I was listening to a lot of singer-songwriter music [when recording the album], like one person with a guitar kind of stuff – like Adrianne Lenker and Florist were particularly inspiring. That was really good for me, because I think I pulled that kind of attitude into my own songwriting – being less concerned with ideas of legibility and putting faith in an audience to be able to find their own meaning in it. Then I’m always listening to more introspective hip hop stuff, so AKAI SOLO, Earl Sweatshirt and Armand Hammer. That sort of stuff can often be complicated, but there’s also a notion of having short songs – being lyrically dense but delivered in a way that’s never overbearing. So there’s a lot of deliberately short songs [on the album], because I didn’t ever want to get to the point where I was forcing things to get another verse.
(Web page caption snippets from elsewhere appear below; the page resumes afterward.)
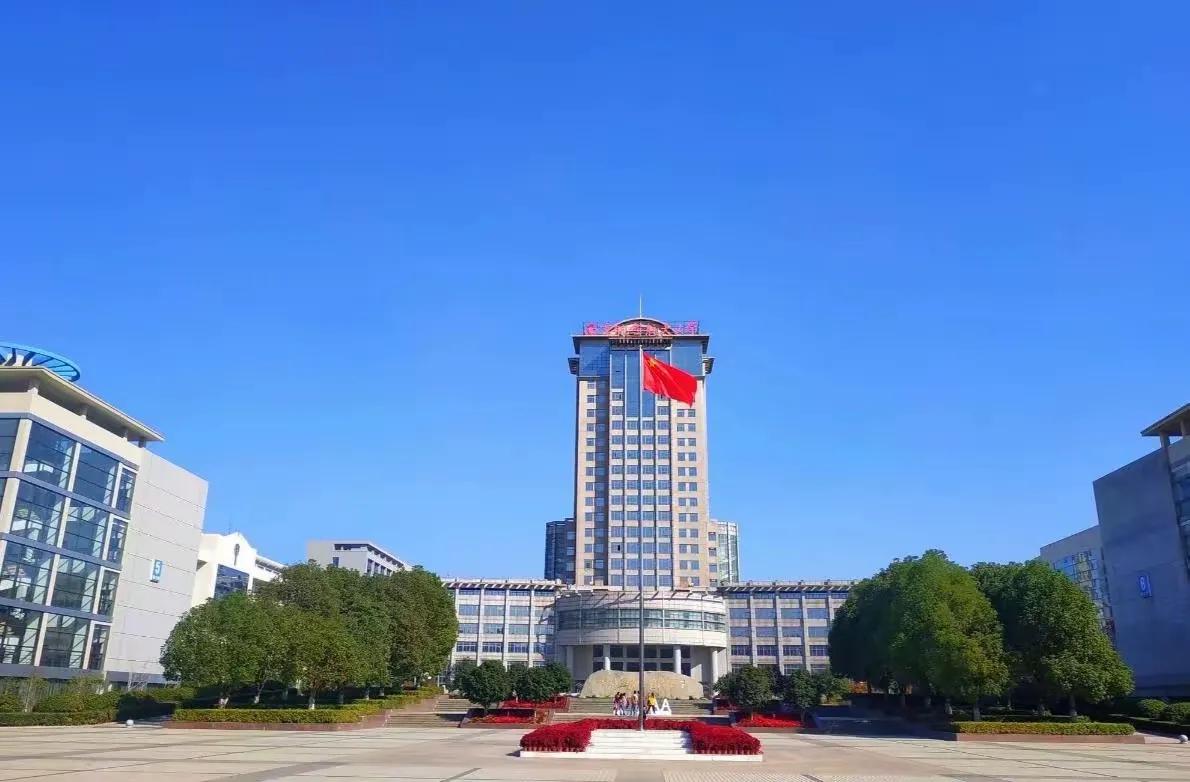 全国“最难考”的6所211大学,录取分超610分,全方面媲美985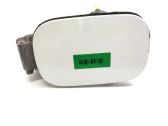 Fuel tank cap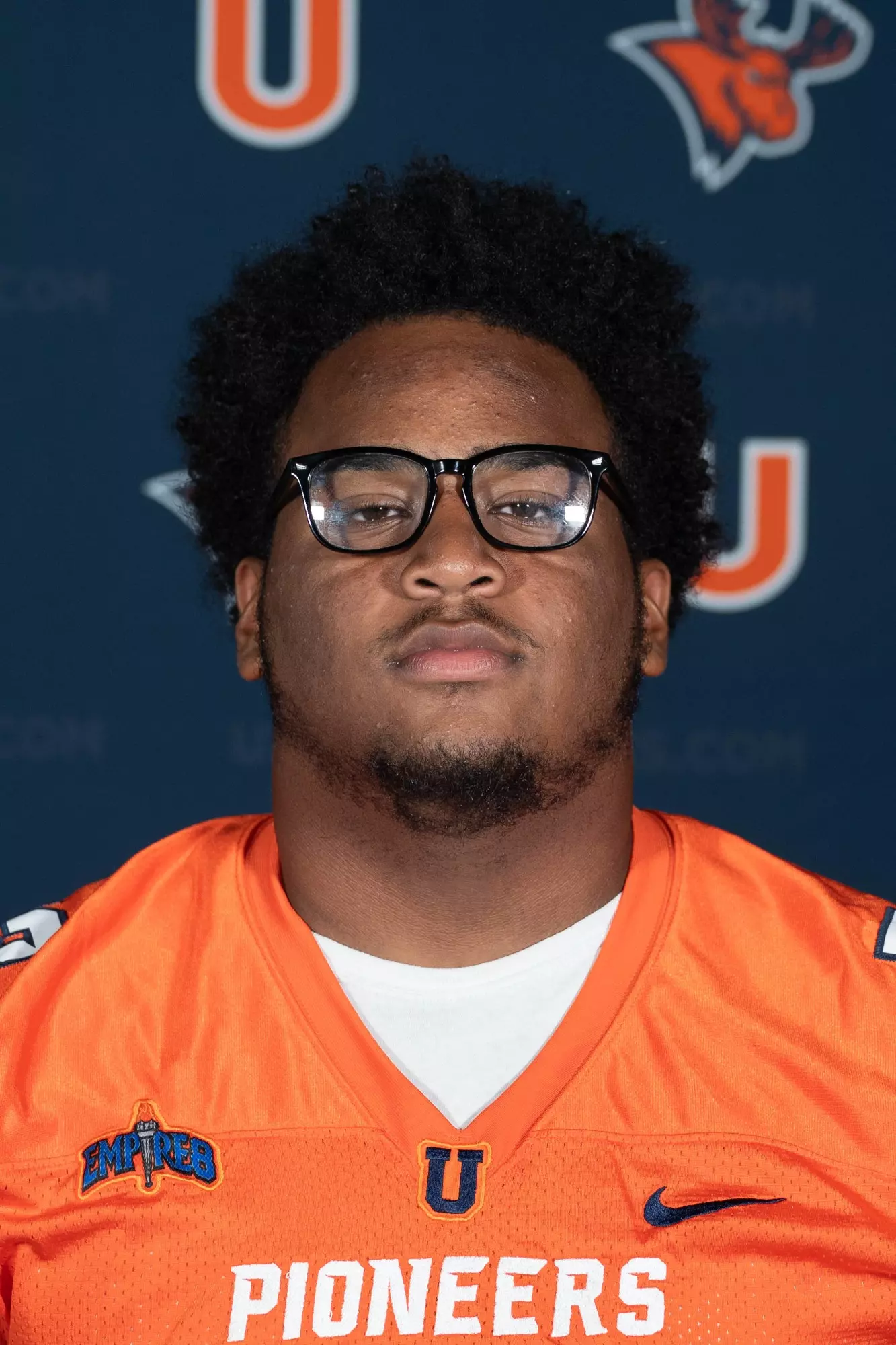 Matthew Murri and Danny Smiechowski -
It’s interesting you bring up Armand Hammer, I feel like there’s a real movement of artists blending ambient, rap and weirder areas of club music.
IV: The interesting thing about hip-hop is that there are so many rappers in the world that you have to do something very different for anyone to take notice. But yeah, particularly at the moment there’s a really refined mix of club music and ambient, with rapping. You have people rapping over tracks that don’t have drums, or are essentially weird noise experiments – it’s an exciting time.
Can you talk about the process of bringing the music to a live setting, what’s that been like?
N: It’s pretty similar to the record, but I would say it’s pretty difficult to translate my creative process in the studio to a live performance. I work with a lot of over-processed samples, so sometimes it’s hard to translate, but with Iceboy we just do our thing. It’s also way better to share it with someone, I love doing it with them, they have a real presence and they give the show a real performativity. For our first, we didn’t do any rehearsals – the sound check was the first time we played together. But it was good, and a friend of mine works on the lighting design for the show, which is really cool.
IV: It’s a lot more polished than my solo set, which has a lot more jumping about and is more confrontational. But it’s a challenge that I’m really interested in, working out how to perform it on stage. I’ve never not been in control of the music, so giving away control helps me create these spontaneous moments, which I like.
What does You Said You’d Hold My Hand Through The Fire mean to you personally?
IV: Well, the title was one of the most romantic things that has ever been said to me. But the album is odd – it’s weird to write a breakup album and have to talk about it and deal with it afterwards. I’m really proud of it though, it represents a huge step forward for me lyrically and artistically, and I feel quite compassionate towards it as a project and gave me more compassion for the relationship – it changed my life in lots of little ways.
N: In my side, it’s one of the most exciting projects that I’ve ever done. I usually do things very impulsively and then move onto the next thing, but on this we put a lot of effort and energy into building something with a strong narrative and story.
Iceboy Violet and Nueen play at Semibreve Festival, which takes place in Braga between 24-27 October.